Problem requirements: Filter the data for "https" and copy matching lines.

Records contained in a dataset:
────────────────

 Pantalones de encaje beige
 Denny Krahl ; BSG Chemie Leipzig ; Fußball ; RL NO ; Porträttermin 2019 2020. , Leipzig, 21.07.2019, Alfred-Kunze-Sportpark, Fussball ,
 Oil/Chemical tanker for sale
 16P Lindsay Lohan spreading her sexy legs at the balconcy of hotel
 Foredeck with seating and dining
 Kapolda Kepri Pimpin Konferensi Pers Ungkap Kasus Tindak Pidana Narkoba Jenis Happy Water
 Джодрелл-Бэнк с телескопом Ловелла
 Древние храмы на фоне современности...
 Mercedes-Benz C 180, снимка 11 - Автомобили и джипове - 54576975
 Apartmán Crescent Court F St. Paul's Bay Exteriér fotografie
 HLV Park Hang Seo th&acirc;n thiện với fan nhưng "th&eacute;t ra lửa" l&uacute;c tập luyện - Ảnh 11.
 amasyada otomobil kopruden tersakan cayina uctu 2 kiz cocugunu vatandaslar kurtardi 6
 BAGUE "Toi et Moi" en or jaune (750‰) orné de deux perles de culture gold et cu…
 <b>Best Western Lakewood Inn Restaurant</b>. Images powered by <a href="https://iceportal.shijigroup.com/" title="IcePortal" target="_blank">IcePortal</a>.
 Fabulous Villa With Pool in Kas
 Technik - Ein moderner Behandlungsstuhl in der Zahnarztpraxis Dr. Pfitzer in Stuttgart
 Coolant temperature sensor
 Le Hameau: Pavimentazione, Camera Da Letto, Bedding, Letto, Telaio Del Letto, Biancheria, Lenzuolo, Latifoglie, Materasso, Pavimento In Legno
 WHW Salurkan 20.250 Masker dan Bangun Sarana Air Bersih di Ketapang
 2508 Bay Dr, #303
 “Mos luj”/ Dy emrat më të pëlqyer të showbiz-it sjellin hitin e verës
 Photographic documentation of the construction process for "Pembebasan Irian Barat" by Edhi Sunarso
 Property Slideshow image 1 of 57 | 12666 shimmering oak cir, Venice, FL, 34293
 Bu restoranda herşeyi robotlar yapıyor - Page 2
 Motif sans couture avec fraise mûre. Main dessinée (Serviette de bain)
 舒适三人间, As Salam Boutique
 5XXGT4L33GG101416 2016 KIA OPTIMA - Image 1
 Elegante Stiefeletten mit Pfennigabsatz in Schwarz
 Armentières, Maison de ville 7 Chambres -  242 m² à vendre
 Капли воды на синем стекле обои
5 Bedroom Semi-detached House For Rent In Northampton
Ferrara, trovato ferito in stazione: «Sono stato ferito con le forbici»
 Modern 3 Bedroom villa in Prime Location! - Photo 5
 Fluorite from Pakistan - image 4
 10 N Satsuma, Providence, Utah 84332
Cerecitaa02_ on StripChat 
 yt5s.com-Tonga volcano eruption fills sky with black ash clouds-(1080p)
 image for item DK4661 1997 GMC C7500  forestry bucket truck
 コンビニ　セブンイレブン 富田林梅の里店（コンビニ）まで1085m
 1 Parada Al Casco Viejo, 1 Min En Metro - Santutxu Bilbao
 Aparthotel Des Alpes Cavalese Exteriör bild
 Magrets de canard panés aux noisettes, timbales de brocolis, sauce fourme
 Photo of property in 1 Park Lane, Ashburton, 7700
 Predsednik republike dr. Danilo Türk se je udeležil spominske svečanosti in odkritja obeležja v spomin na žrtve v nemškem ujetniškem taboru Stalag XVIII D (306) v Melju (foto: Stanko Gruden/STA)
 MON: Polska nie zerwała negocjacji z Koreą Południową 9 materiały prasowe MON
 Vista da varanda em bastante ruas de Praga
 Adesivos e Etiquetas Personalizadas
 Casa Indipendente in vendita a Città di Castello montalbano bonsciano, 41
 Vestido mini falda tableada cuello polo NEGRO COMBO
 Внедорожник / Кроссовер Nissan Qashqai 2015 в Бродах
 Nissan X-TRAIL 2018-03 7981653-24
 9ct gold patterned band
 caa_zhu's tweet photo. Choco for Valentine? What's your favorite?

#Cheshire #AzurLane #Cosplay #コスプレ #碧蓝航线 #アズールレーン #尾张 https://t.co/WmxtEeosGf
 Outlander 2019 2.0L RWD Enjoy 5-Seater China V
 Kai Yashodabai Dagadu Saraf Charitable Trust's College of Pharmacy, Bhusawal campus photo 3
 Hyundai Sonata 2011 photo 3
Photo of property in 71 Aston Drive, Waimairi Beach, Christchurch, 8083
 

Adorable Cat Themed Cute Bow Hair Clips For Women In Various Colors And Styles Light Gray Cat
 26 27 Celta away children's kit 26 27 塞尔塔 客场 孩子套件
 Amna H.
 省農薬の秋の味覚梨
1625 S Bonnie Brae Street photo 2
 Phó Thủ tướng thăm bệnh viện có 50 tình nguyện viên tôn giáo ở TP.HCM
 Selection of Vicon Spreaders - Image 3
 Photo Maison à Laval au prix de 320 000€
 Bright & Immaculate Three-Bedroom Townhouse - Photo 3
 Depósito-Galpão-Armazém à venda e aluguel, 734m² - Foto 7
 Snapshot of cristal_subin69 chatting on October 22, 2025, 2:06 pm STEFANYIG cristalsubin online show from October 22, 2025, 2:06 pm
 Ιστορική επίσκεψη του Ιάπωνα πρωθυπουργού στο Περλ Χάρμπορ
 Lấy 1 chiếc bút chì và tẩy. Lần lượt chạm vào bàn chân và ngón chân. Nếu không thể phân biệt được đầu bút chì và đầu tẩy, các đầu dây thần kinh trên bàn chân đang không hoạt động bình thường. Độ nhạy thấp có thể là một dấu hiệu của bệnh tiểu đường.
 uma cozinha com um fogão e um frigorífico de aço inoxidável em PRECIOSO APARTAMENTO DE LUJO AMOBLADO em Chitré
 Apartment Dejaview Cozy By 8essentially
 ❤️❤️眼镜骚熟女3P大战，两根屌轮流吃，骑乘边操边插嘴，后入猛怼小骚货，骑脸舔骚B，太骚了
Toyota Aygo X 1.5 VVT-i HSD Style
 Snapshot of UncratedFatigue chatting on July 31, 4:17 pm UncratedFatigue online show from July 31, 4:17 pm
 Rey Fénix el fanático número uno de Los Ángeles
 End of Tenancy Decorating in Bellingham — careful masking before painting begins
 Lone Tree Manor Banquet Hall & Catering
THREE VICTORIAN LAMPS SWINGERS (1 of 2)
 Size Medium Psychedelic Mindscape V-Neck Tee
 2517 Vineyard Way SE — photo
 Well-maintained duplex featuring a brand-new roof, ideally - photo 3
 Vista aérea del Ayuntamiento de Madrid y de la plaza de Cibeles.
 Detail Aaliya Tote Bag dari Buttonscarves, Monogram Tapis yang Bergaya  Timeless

────────────────

Exercise output:
 <b>Best Western Lakewood Inn Restaurant</b>. Images powered by <a href="https://iceportal.shijigroup.com/" title="IcePortal" target="_blank">IcePortal</a>.
#Cheshire #AzurLane #Cosplay #コスプレ #碧蓝航线 #アズールレーン #尾张 https://t.co/WmxtEeosGf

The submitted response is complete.